What is required - Only the lines containing "background" should appear in the answer, copied from the listing below.
++++ Information shown
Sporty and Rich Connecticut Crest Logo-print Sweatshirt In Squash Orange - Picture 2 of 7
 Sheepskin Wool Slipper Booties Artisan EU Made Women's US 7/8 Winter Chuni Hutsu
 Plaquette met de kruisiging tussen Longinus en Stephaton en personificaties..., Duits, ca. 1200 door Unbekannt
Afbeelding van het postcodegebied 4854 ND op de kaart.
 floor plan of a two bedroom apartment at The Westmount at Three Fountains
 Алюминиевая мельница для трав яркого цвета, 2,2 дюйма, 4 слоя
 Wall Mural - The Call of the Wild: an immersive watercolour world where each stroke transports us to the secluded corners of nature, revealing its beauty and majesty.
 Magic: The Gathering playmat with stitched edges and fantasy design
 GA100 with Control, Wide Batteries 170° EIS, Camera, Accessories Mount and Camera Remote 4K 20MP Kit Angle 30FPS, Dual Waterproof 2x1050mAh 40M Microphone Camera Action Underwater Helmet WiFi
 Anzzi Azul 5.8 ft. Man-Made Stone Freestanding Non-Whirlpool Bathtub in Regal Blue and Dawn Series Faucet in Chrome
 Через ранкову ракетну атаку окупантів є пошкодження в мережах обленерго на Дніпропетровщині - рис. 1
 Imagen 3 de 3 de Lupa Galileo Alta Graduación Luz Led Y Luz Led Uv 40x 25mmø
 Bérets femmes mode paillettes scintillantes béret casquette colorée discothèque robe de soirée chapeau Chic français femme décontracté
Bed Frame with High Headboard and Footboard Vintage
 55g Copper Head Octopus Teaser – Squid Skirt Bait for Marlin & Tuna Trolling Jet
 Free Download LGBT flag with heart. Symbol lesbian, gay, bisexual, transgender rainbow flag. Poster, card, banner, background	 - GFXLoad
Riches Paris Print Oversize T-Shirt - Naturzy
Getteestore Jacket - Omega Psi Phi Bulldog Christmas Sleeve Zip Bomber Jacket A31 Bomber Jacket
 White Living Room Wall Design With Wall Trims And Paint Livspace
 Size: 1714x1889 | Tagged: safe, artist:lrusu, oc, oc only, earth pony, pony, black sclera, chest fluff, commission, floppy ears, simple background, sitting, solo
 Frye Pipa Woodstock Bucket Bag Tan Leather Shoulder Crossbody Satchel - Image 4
++++++++
Answer box -
 Free Download LGBT flag with heart. Symbol lesbian, gay, bisexual, transgender rainbow flag. Poster, card, banner, background	 - GFXLoad
 Size: 1714x1889 | Tagged: safe, artist:lrusu, oc, oc only, earth pony, pony, black sclera, chest fluff, commission, floppy ears, simple background, sitting, solo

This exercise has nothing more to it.